(Image-caption web data)
---+---
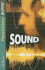 Sound (Physical Science in Depth)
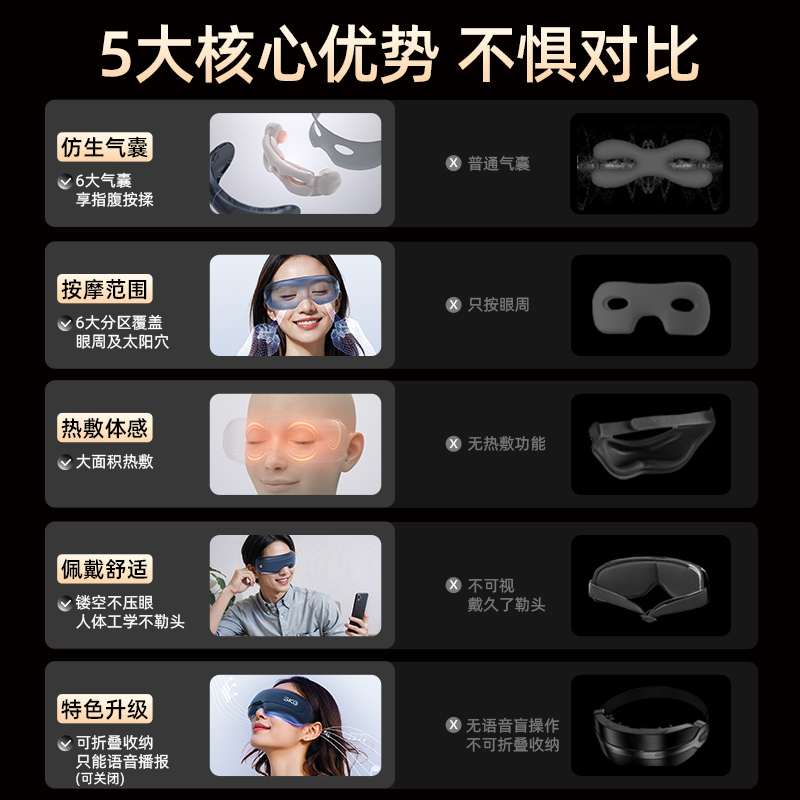 二代蓝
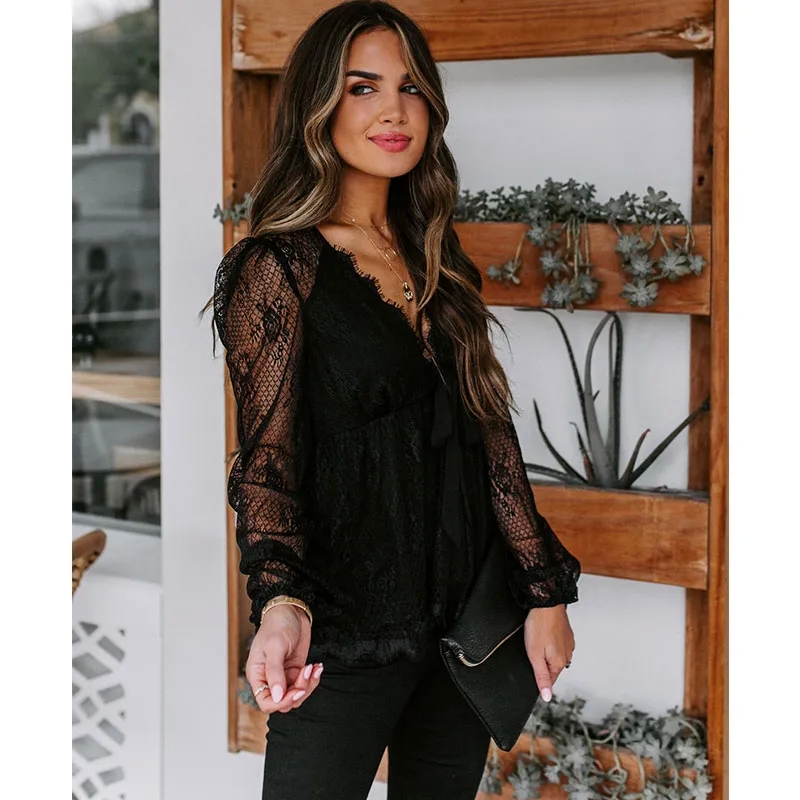 wholesale women's clothing "Exclusive Sparkling women's clothing versona Geometric Jewelry – Simple Everyday Style for Wholesale" women's clothing in afghanistan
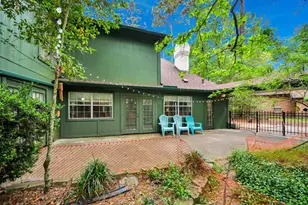 1502 Southern Pines Ct, Houston, TX 77339 - Photo 38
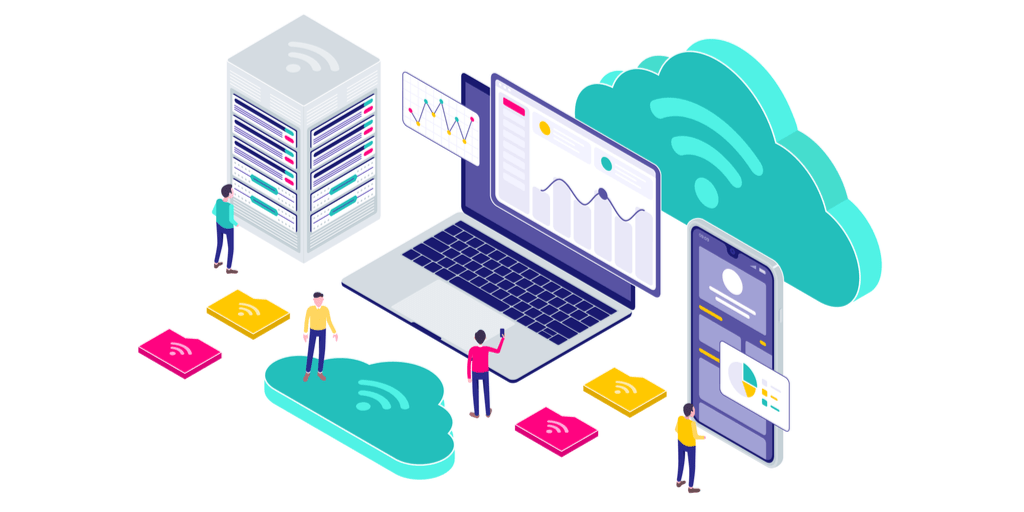 Cloud migration for Portals Should you go Cloud? Base22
---+---
> [TASK DETAILS]
Please take the lines from the beginning of the data above through the line holding "1502 Southern Pines" and transcribe them exactly, without any pictures.

> [SOLVED PROBLEM]
 Sound (Physical Science in Depth)
 二代蓝
 wholesale women's clothing "Exclusive Sparkling women's clothing versona Geometric Jewelry – Simple Everyday Style for Wholesale" women's clothing in afghanistan
 1502 Southern Pines Ct, Houston, TX 77339 - Photo 38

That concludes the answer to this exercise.